> _Task brief_
Please restate each line of the material word for word and omit any pictures.
Start of Source data
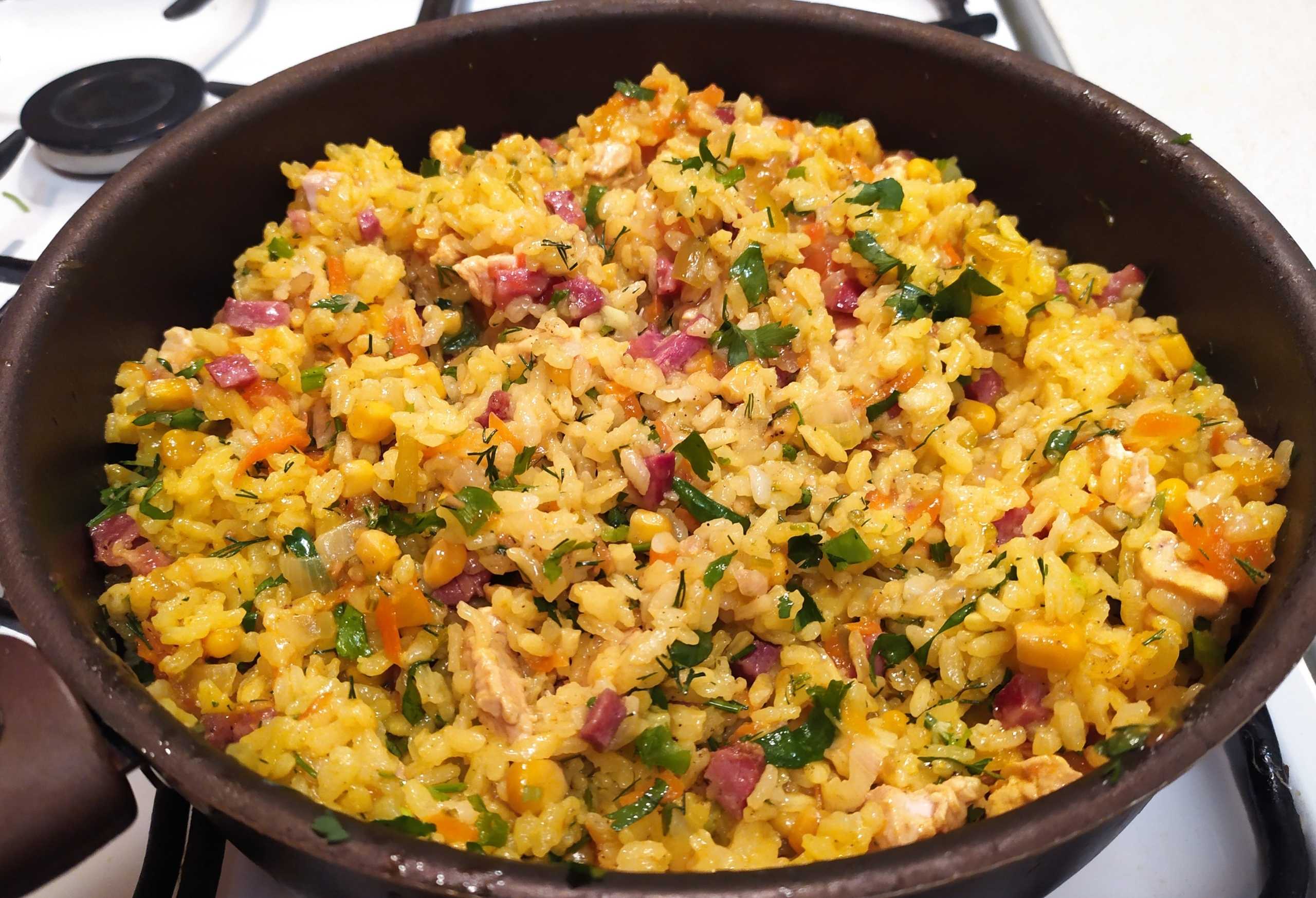 Паэлья рецепт классический с курицей и морепродуктами (477.6 ккал)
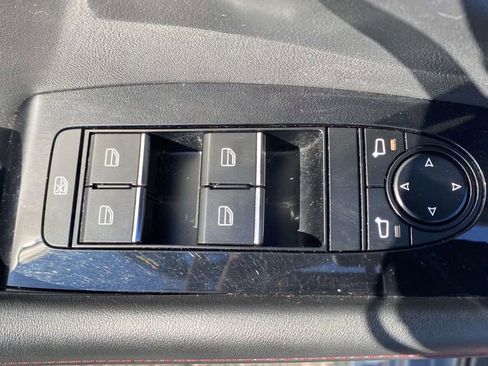 Used 2024 MAZDA MAZDA3 s image 13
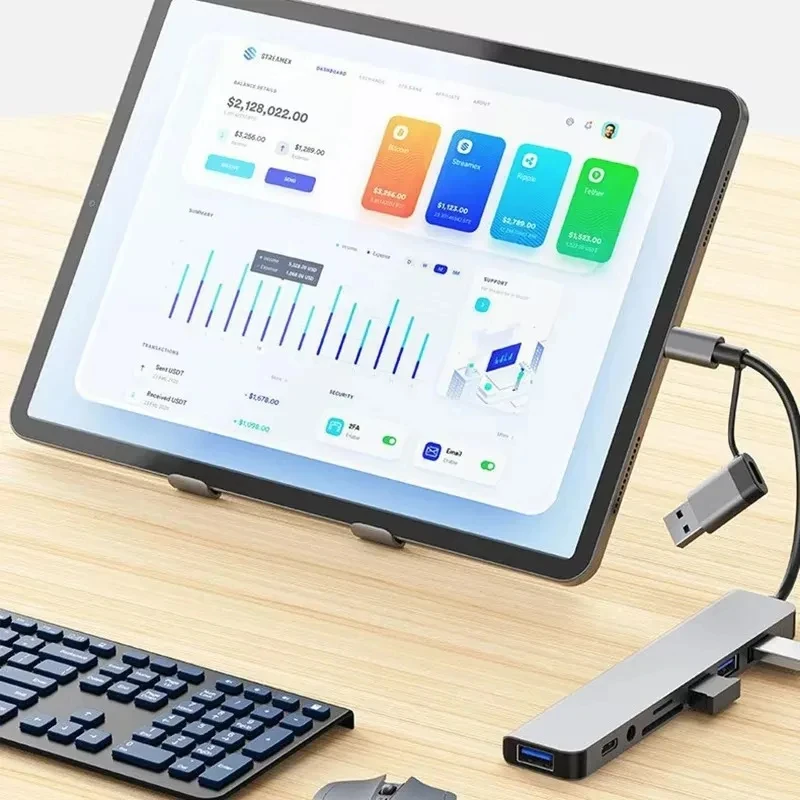 Hub USB C 8 in 1 Splitter USB  - Desk Setup Usb Hub recensione e prezzo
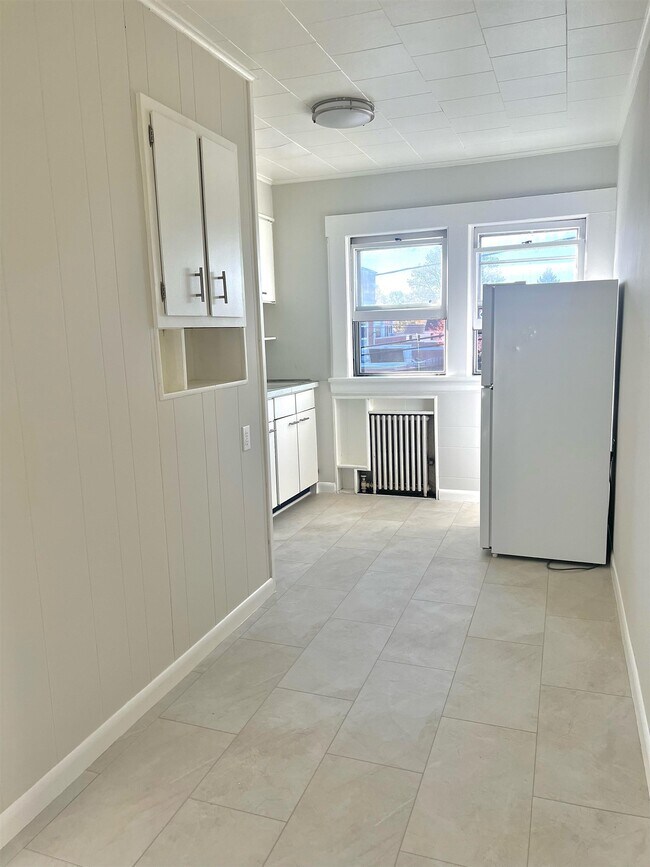 Photo - 128 Hazelton St Unidad 2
End of Source data
> _Solution to the exercise_
 Паэлья рецепт классический с курицей и морепродуктами (477.6 ккал)
 Used 2024 MAZDA MAZDA3 s image 13
 Hub USB C 8 in 1 Splitter USB  - Desk Setup Usb Hub recensione e prezzo
 Photo - 128 Hazelton St Unidad 2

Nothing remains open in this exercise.